I paired up with a math teacher, Andrew Hyland, and another biology teacher, Thomas Safford, today.  We wanted to plan an intro unit on graphing.  After discussing the different types of biology labs we do that requiring graphing, we discovered that our ecology/population lab with exponential graphing matches up perfectly with the time of year the Algebra teachers generally teach graphing quadratic equations.  

We created a multi-day lesson where the bio teachers would teach about population growth at the same time that the Algebra teachers are teaching graphing quadratic equations.  It is still a work in progress - but I have a concrete example/idea that I can use when approaching the Algebra teachers at my school about collaborating.  I can't wait to see if any of the teachers at my school are interested.  

During the workshop I was listening in on another project that Brandon Dorman was working on.  He was trying to find a way to give students a template for a presentation that included his comments about what he expected of them for each section, sort of like a rubric.  He wanted it in front of the students as they presented.  I recommended that he create a google presentation, and put his comments in the notes section.  Then students could see the notes as they presented.  Brandon tested it out, and it did what he wanted when the presentation was shared with others.  The coolest part, was that Brandon tried to send out the presentation template using Doctopus.  He discovered that Doctopus can send out presentations to students, not just documents!  That is something that I will definitely use in my classes next year.

John will be tweeting out a website with all of the lessons created during his sessions today. I am excited to see all of the final lessons.

Next Steps
I learned a lot of great new things today and needed to spend the time writing this really long blog tonight to process and remember all that I learned.  Hopefully there aren't too many typos or errors - I'm getting tired and don't want to proof it again....  If you have read this far, hopefully you can use some of these tips in your classes too.  I am excited for the next two days and now need to figure out what sessions I will attend tomorrow.


  1. Wow, that's a detailed reflection of day 1! I'm happy that you found it useful and it was so great learning from you as well. The folder is going live soon.

  2. I'm not at #cuerockstar but I feel like was. Thanks Melissa!

  3. Great reflections, Melissa. I love how specific you were (especially including the screen shots) about what you took away from today's fantastic sessions. I am VERY excited by the lesson idea you, Andrew, and Thomas came up with!

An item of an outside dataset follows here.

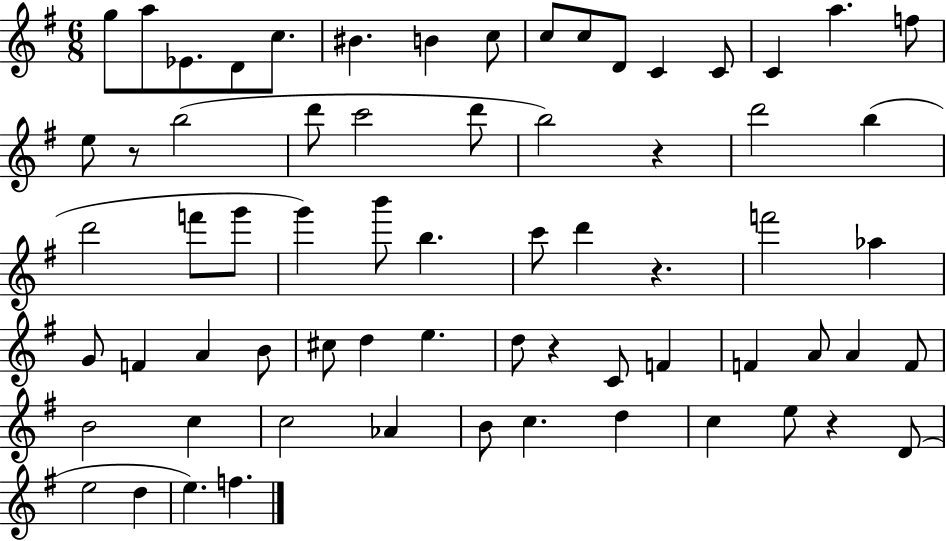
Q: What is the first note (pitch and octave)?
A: G5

    1. Thanks Diane. I am hoping the math teachers at my school will want to work w/ me on this cross-curricular project. And writing this post out now, with all the screenshots will help me remember all that I learned. There are so many great things being shared at CUE Rockstar. :)
      And by writing it all out, hopefully can help others at my school and whoever happens to stumble across my blog learn new things that they can implement right away.

  4. Thanks for this awesome and detailed writeup!